Facial Recognition ID Moves from Planes and Trains to Conferences and Events
WHISTLEBLOWING, 7 Aug 2017
4 Aug 2017 – The use of biometric identification is becoming a real-time case study in how the public is incrementally conditioned to accept the total erosion of privacy for supposed convenience and security.
As I’ve been covering over the last several months, a 15-year-old mandate from the federal government to implement biometric ID for airline travel is finally being implemented at various airports throughout the United States. Meanwhile, countries like Australia and the UK also have airport biometrics programs rolling out, with Australia seeking to make it a requirement nationwide by 2020. The UK has gone even one step further and has been testing a system to be used on trains as well, also with a target date somewhere around 2020.

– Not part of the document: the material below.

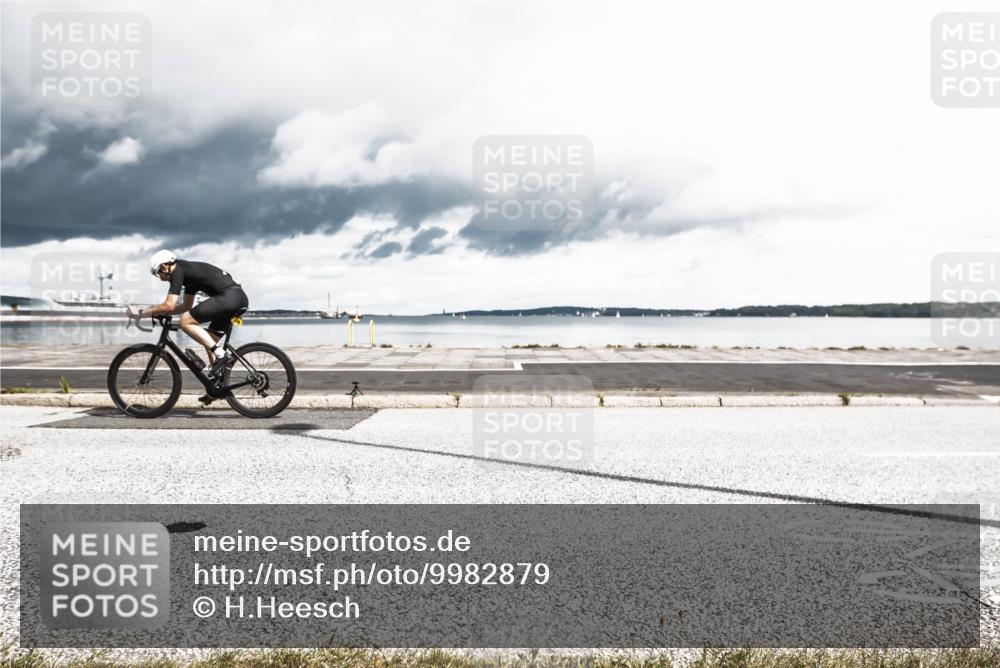 16.08.2026 - KN Förde Triathlon 2026 H.Heesch http://msf.ph/oto/9982879 16.08.2026 12:55:58 Radfahren 509, 542, 600, 704, 724, 727, 740 meine-sportfotos.de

People have been acclimatized to biometric ID in various forms, with increasing frequency in the areas of banking and personal computing, but only now is it being rolled out into the wider world. In some cases, the use of facial recognition for targeted advertising and even to monitor political views and for pre-crime policing has been done in public spaces without any consent whatsoever.
According to MassPrivateI, a company called Zenus is at the forefront of spreading facial recognition even wider into conferences and events. It heralds the next step toward increasingly pervasive biometric ID requirements to function in modern society.
Zenus a startup company based in Texas, claims their facial recognition software can speed up check-ins at conferences and events.
Attendees have registered for a conference ahead of time, providing pertinent personal information and uploading a photo. On-site at the conference, that person steps up to a device—usually a tablet—where a camera scans the person’s face, using the image to call up her information and completing the check-in process digitally. (Source)
At the Zenus website we find the video below, which makes a direct appeal to convenience and security by databasing attendees with facial recognition as well as social media log-ins, illustrating how the virtual world and the real are melding into one and the same thing.
Step by step, people are being transformed into digital organisms made easier for scanning and processing. The political will is there, the databases exist, and the technology is clearly being rolled out across every meaningful area of human activity.